Update: Fiona Becomes Strongest 2022 Atlantic Hurricane, Threatening Bermuda, Canada

By | September 21, 2022

Hurricane Fiona has intensified to become this year’s strongest Atlantic storm as it moves north to threaten Bermuda and eastern Canada later this week.

Fiona’s top winds remain at 130 miles (209 kilometers) per hour, according to a U.S. National Hurricane Center advisory at 2 p.m. That’s up from 85 mph when the storm knocked out power across Puerto Rico on Sunday. A Category 4 hurricane on the five-step Saffir-Simpson scale, Fiona is forecast to get even more powerful as it nears Bermuda.

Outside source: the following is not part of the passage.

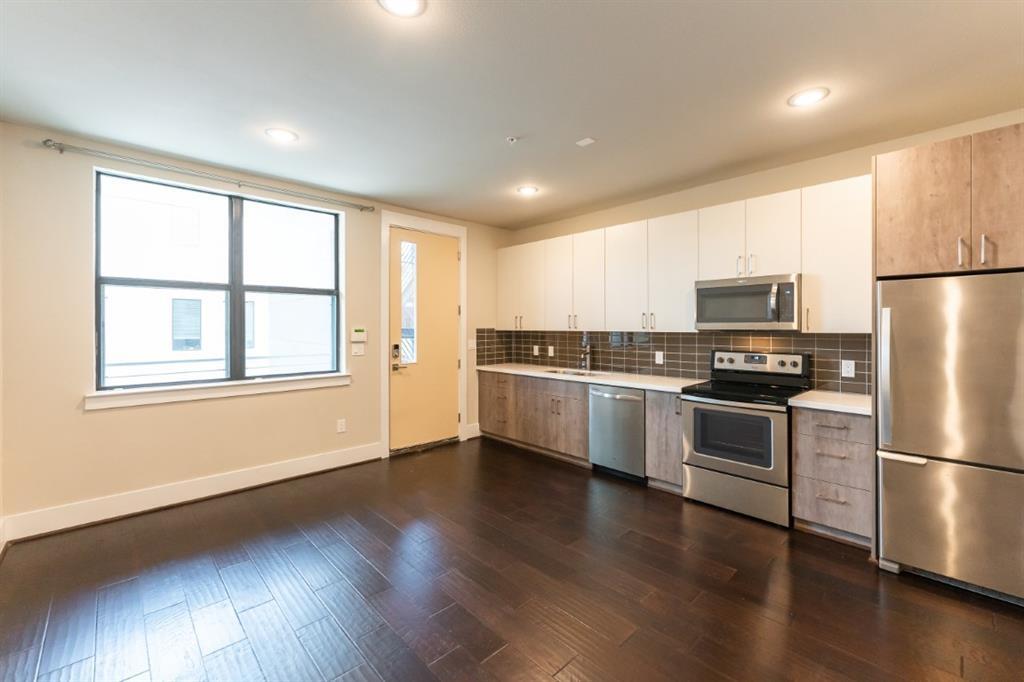 2401 Crawford St Unit A113, Houston, TX 77004 Condo for Rent in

The storm’s most intense winds will likely stay to the west of Bermuda, which has a sturdy building code and should be able to weather Fiona, said Adam Douty, a meteorologist with AccuWeather Inc. A tropical storm warning and hurricane watch have been issued for the island.

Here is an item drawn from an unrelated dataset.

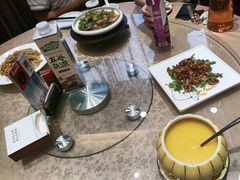 -李氏传家菜(兴城路店)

Hurricane Fiona Moves North With Up to $4B Economic Damages Estimated Already

“The big story from here is going to be Canada, as far as Fiona is concerned,” Douty said. “It does look likely be a contender for the strongest storm” to hit this region.

Fiona will approach Nova Scotia as a dangerous Category 3 storm but may weaken and lose the structure needed to meet the technical definition of a tropical system as it nears the coastline. However, Douty said it will still have the power of a Category 2 hurricane.

Because so many trees across Atlantic Canada still have leaves, winds will put more stress on them and raise the risk of “widespread power outages” due to falling trees or branches, he said. Wind gusts of 100 mph could rake the area. In addition, flooding rains will wring out across Nova Scotia and Prince Edward Island, Canada’s smallest province.

As much as 6 inches (15 centimeters) of rain, with some isolated areas getting up to 10 inches, is forecast across Nova Scotia, Prince Edward Island and western Newfoundland.

“This is likely to be a really bad storm for Nova Scotia/Newfoundland,” said Phil Klotzbach, a hurricane researcher at Colorado State University. Regardless of whether it’s still a tropical system by the time it gets there, “that’s a really powerful storm.”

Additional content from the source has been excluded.